Input material:
================================

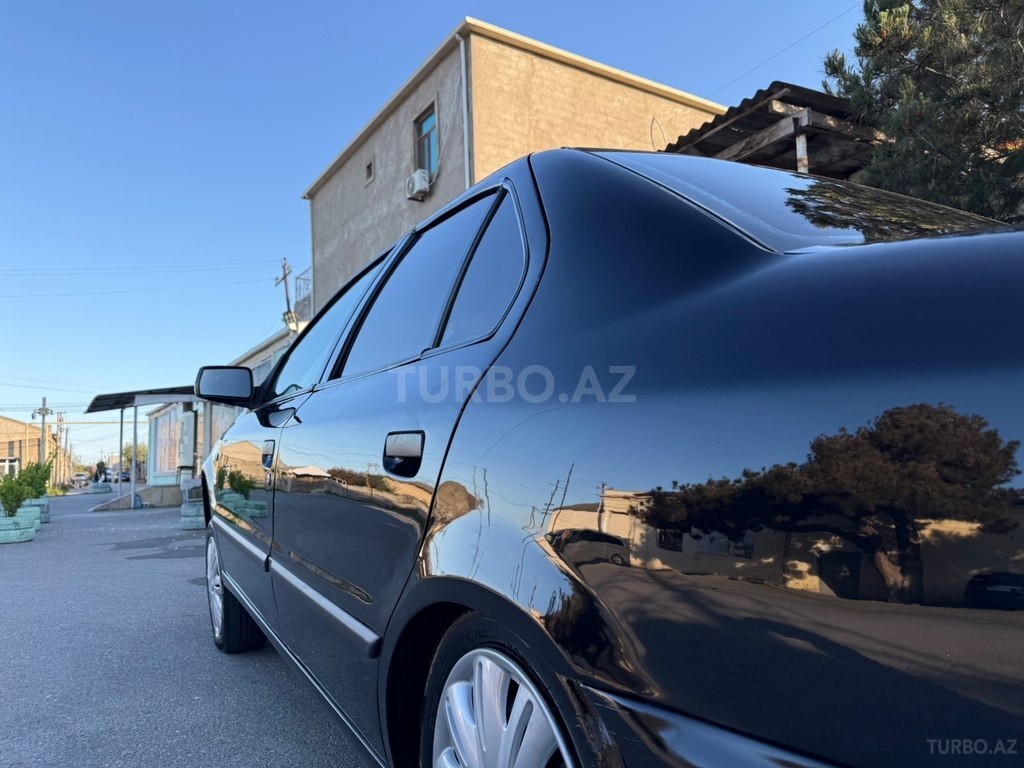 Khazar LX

================================

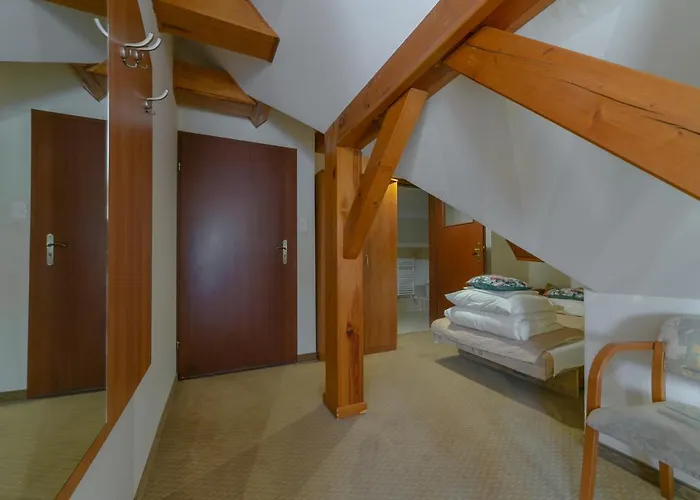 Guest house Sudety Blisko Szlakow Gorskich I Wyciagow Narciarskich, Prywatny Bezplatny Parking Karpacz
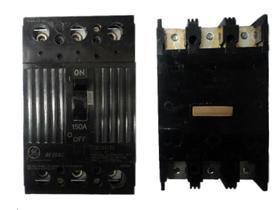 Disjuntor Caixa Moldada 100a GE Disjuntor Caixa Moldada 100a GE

================================

What you have to do:
Within the listing above, find the line containing "Guest house Sudety" and the line containing "Disjuntor Caixa Moldada 100a GE Disjuntor". Transcribe them and everything between them exactly, leaving out the pictures.

Answer area:
 Guest house Sudety Blisko Szlakow Gorskich I Wyciagow Narciarskich, Prywatny Bezplatny Parking Karpacz
 Disjuntor Caixa Moldada 100a GE Disjuntor Caixa Moldada 100a GE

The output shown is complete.